Highlights:

  • A robot powered by Artificial Intelligence (AI) and trained on a multimodal embodied visual-language model with far more than 562 billion parameters was unveiled this week by Google LLC and the Technical University of Berlin researchers.
  • PaLM-E functions by observing its immediate surroundings through the robot’s camera and can do so without using any scene representation that has been previously processed.

A robot powered by Artificial Intelligence (AI) and trained on a multimodal embodied visual-language model with more than 562 billion parameters was unveiled this week by Google LLC and the Technical University of Berlin researchers.

The robot can perform various tasks based on human voice commands thanks to PaLM-E, a model that integrates AI-powered vision and language to enable autonomous robotic control. This eliminates the need for ongoing retraining. In other words, it’s a robot that can comprehend what is being requested and then go ahead and complete those tasks right away.

For instance, if the robot is instructed to “bring the chips from the drawer,” PaLM-E will immediately devise a plan of action based on the instruction and its field of vision. The mobile robot platform will autonomously act using a controlled robotic arm.

PaLM-E functions by observing its immediate surroundings through the robot’s camera and can do so without using any scene representation that has been previously processed. It merely looks, takes in what it sees, and determines what it must do. Therefore, there is no need for a person to first annotate the visual data.

PaLM-E can respond to changes in the environment as it performs a task, according to Google’s researchers.
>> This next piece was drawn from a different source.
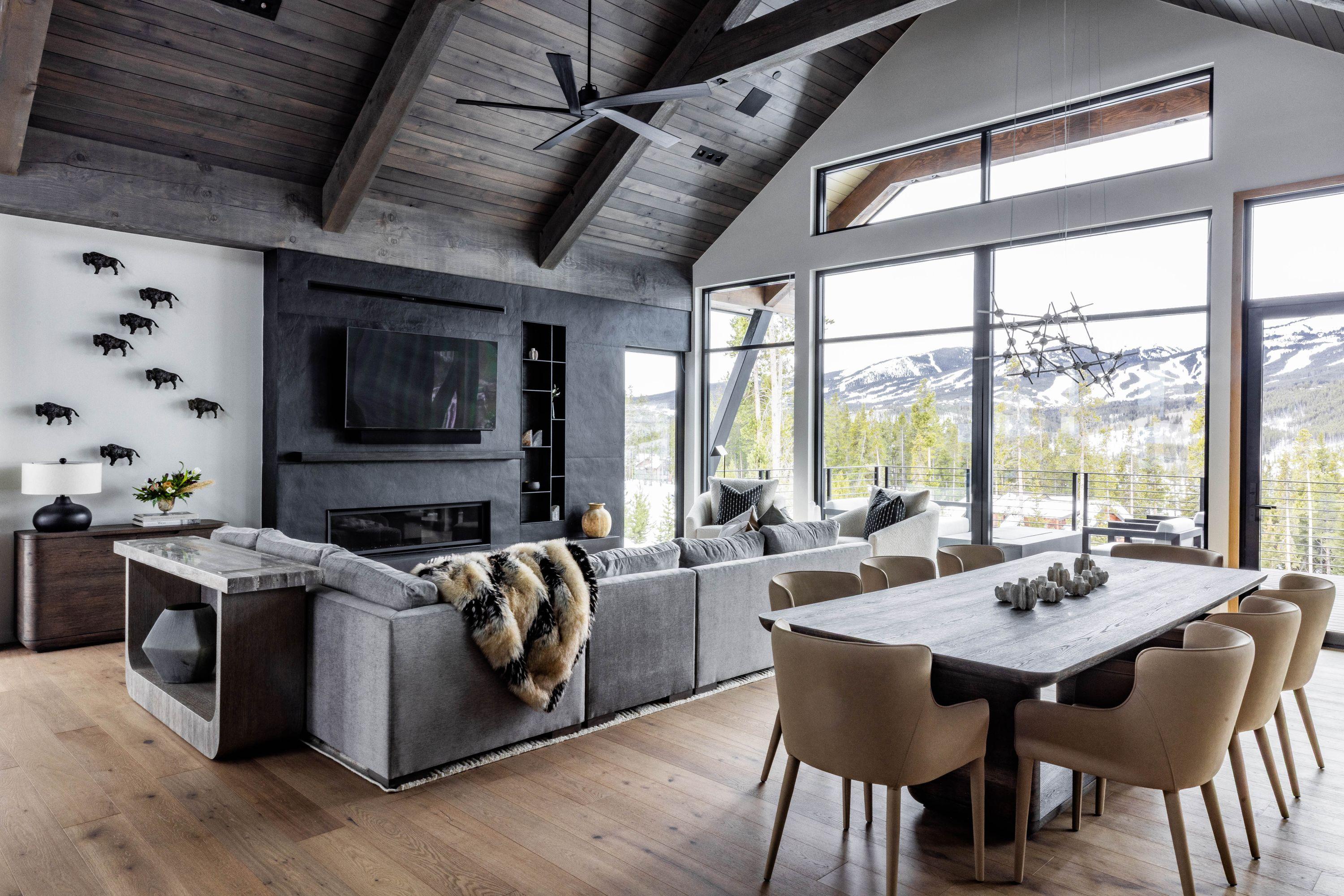 Great room of the Highlands residence under a timber ceiling, dining beyond and windows onto the range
For instance, if the robot goes to fetch the chips and someone else takes them from it and puts them on a table in the room, the robot will notice what happened, look for them, grab them, and then deliver them to the person who initially asked for them.

Based on the existing PaLM large language model, which integrates sensory data and robotic control, PaLM-E is called an “embodied visual-language model.” It operates by making ongoing observations of its surroundings and encoding this data into a series of vectors, much like it does with words as “language tokens.” This enables it to comprehend sensory data, like how it understands vocal commands.

According to the researchers, PaLM-E can “positively transfer” knowledge and skills from one task to another, outperforming single-task robot models in performance. It also exhibits “multimodal chain-of-thought reasoning,” which means it can evaluate a series of inputs, including language and visual inputs and “multi-image inference.” According to the researchers, it uses multiple images to make an inference or predict something.

Overall, PaLM-E represents a significant advance in autonomous robotics. Google stated that its next steps would be to investigate other applications in practical contexts like home automation and industrial robotics. The researchers also hoped their work would stimulate additional investigation into embodied AI and multimodal reasoning.